Represent the box by a point O.
Draw to scale a 100 N force upward.
100 x10 =1000N downward.
Draw normal reaction force 900 N upward.

Answer 2

a) Draw a freebody diagram of the forces on the crate.
B
^
|
U
|
V
W

Where U is the crate, B is buoyancy the up force from the balloons = 100 kg m/sec^2, and W = mg = 100 * 9.81 ~ 98 kg m/sec^2 which is the weight of the crate (force of gravity down) of mass m = 100 kg.

b) Calculate the force of gravity on the crate.

Did that above, W ~ 98.1 kg m/sec^2 (aka Newton)

c) If you must apply a 1000 N force to get the crate to move, what is the coefficient of static friction newt(s)?

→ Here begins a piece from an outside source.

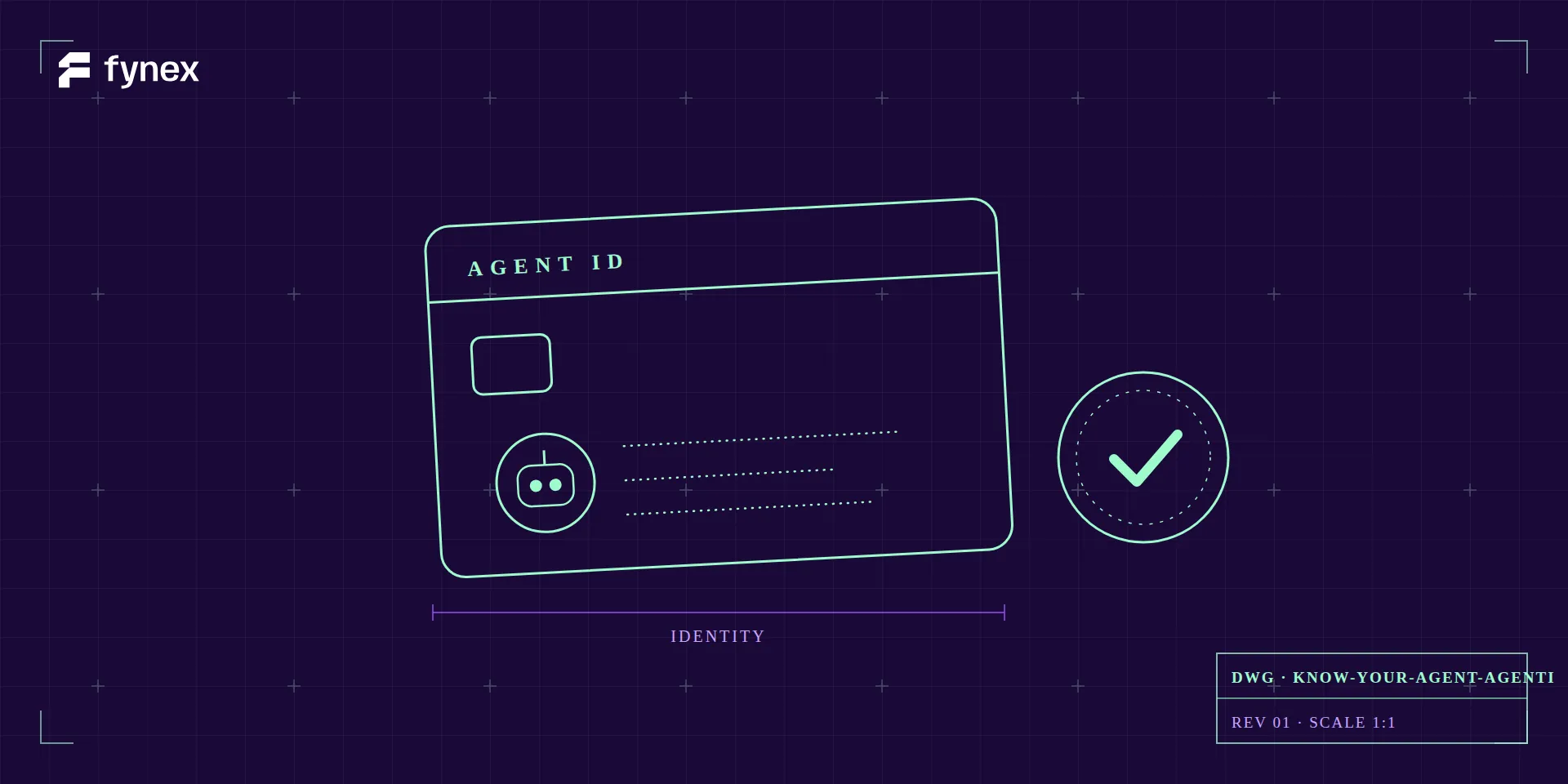 Blueprint of an agent ID card with a verification seal.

This does not apply because f = ma = B - W > 0; so that a > 0 and the balloon is rising off the ground. As it is not touching the ground there is no contact and coefficient of friction is meaningless. [Which is why one answer got a coefficient > 1.0, which is physically impossible.]

d) If you apply a horizontal 1100 N force to the box, what will be its rate of acceleration?(consider friction)

As there is no friction while the crate is in the air, f = ma = P; where P = 1,100 kg m/sec^2 so that a = P/m ~ 1.1 m/sec^2.

I'm wondering where you got this question? If there was an answer for c), then you must have left something out or miscopied something because when the crate is lifting off the ground friction force F = kN; where N = B - W > 0 means the normal force is acting upward, not downward onto the ground. So there is no friction force. Ditto for d), no friction force when the crate is in the air.

Answer 3

I can't draw a diagram in here.
Well, first let's calculate the force of the crate toward the ground. This is 100kg*[gravitational acceleration] = X newtons, 100kg*9.81=981N. (force of gravity on the crate)
So, there is an upward force of 100N, and a downward force of 981N, giving a NET downward force of 981-100=881N. The coefficient of static friction times the downward force will be equal to the horizontal force necessary to move the crate, in other words where muS is the coefficient of static friction, 881N*(muS)=1000N -> muS = 1000/881 = 1.14. (coefficient of static friction).
Ok, so muK is the coefficient of static friction, the forces on the crate are (downward) 881N, (horizontal) 1100N, (negative horizontal) muK*881N. The acceleration can be given by taking the force (newtons, kg*m/s^2) and dividing it by the mass (kg), where the force is going to be 1100N-(muK*881N) and the weight is 100kg, so (1100N-muK*881N)/100kg = [1.1 - (muK*.881)] m/s^2
As a side note, the acceleration is a linear function of the coefficient of kinetic friction.

Answer 4

Arrow up 100N. Arrow down = mg = 1000N = Fgravity

Ffriction = mu Fnormal so 1000 = mu (900) so mu = 1.1

weird because usually mu is less than 1 !!!!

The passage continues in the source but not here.